What are the 3 Types of Autoimmune Liver Disease?
Primary biliary cirrhosis (PBC), primary sclerosing cholangitis (PSC) and autoimmune hepatitis (AIH) constitute the classic autoimmune liver diseases (AILDs). While AIH target the hepatocytes, in PBC and PSC the targets of the autoimmune attack are the biliary epithelial cells.
- Primary biliary cholangitis (PBC): Primary biliary cholangitis is a chronic liver disease in which the small bile ducts in the liver become injured and inflamed.
- Primary In the early stages, people may not experience any symptoms of primary biliary cholangitis. Eventually, symptoms may develop that include fatigue, itching, or yellowing of the skin. There are several medications to treat the PBC.
- Primary sclerosing cholangitis (PSC): Primary sclerosing cholangitis is a chronic disease. The bile ducts inside and outside the liver become inflamed and scarred, and eventually narrowed or blocked. The build-up of the bile causes liver damage.

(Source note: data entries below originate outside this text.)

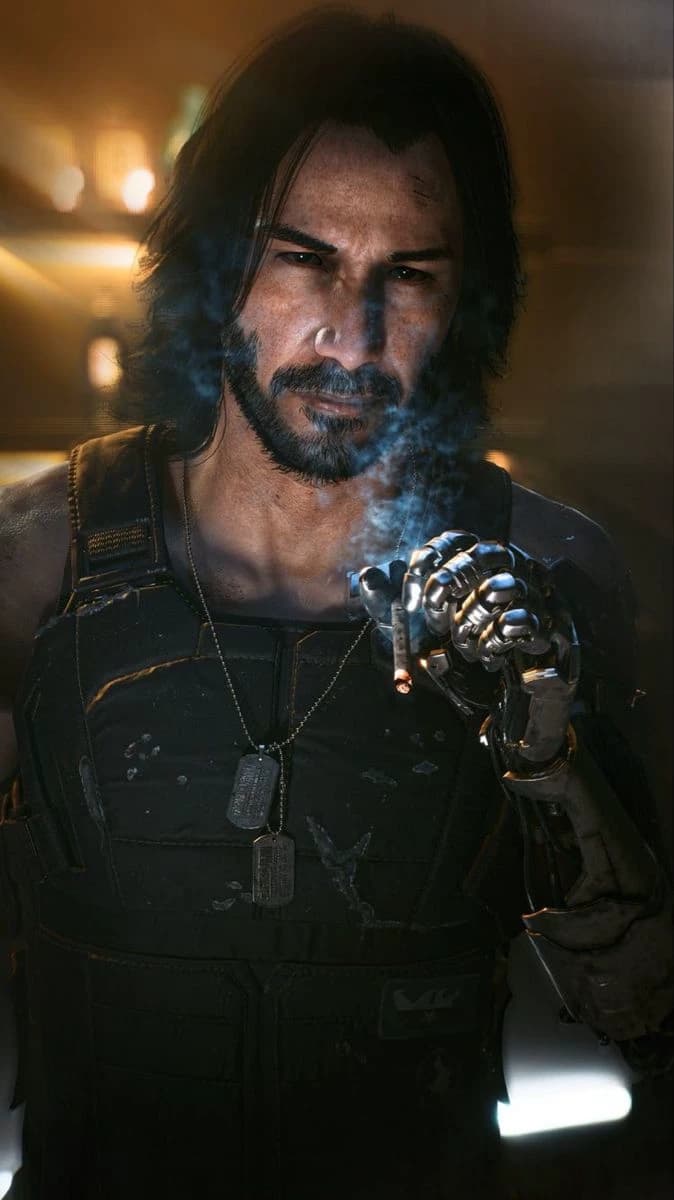 Jhonny Silverhand (Cyberpunk 2077) thumbnail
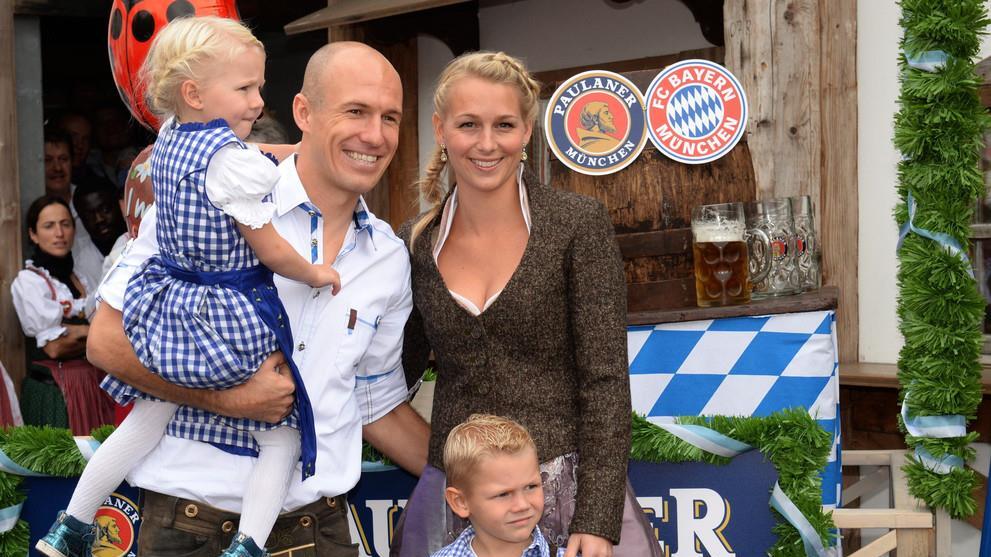 Bayern München auf dem Oktoberfest 2013: Wiesn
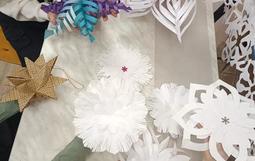 онлайн конкурс «Сказочная снежинка»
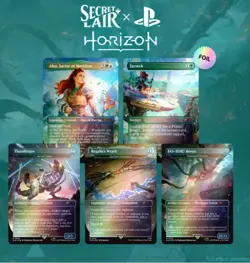 Secret Lair x Horizon: Into the Forbidden West Foil - Image 1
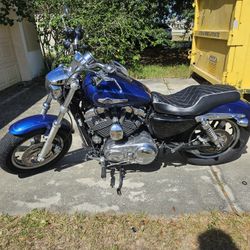 2015 Harley davidson Sportster 1200c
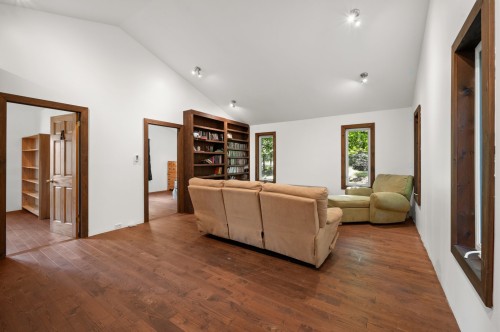 Living Room - 1337 Rue Du Continental, Val-David, QC - Indoor
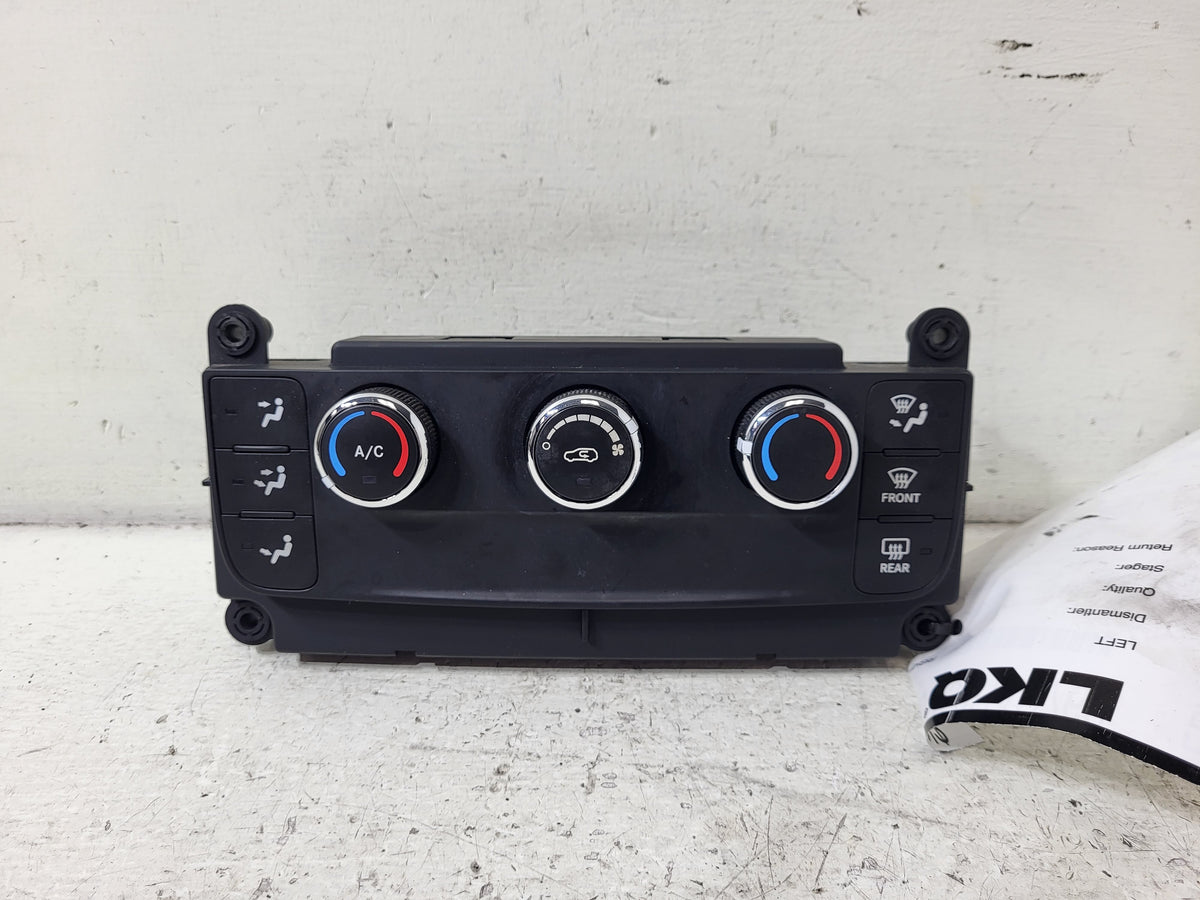 Manual AC Heat Temperature Control Unit for Dodge Caravan I389087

- Most patients with primary sclerosing cholangitis do not experience any symptoms and the disease progresses slowly. Some may experience fatigue, itching, pain in the abdomen, and yellowing of the skin. Often, PSC occurs in patients with inflammatory bowel disease, such as ulcerative colitis. Currently, there are no treatments available for PSC.
- Autoimmune hepatitis: Autoimmune hepatitis is a chronic liver disease in which the immune system attacks the liver. If autoimmune hepatitis is not treated, it can lead to cirrhosis and liver failure.
- People with autoimmune hepatitis may experience fatigue, abdominal pain, joint pain, nausea, and poor appetite. If you have severe liver disease, such as cirrhosis, you may develop fluid build-up in your legs, a yellow color and easy bruising in your skin and confusion. Autoimmune hepatitis is treated with steroids and immunosuppressive therapy.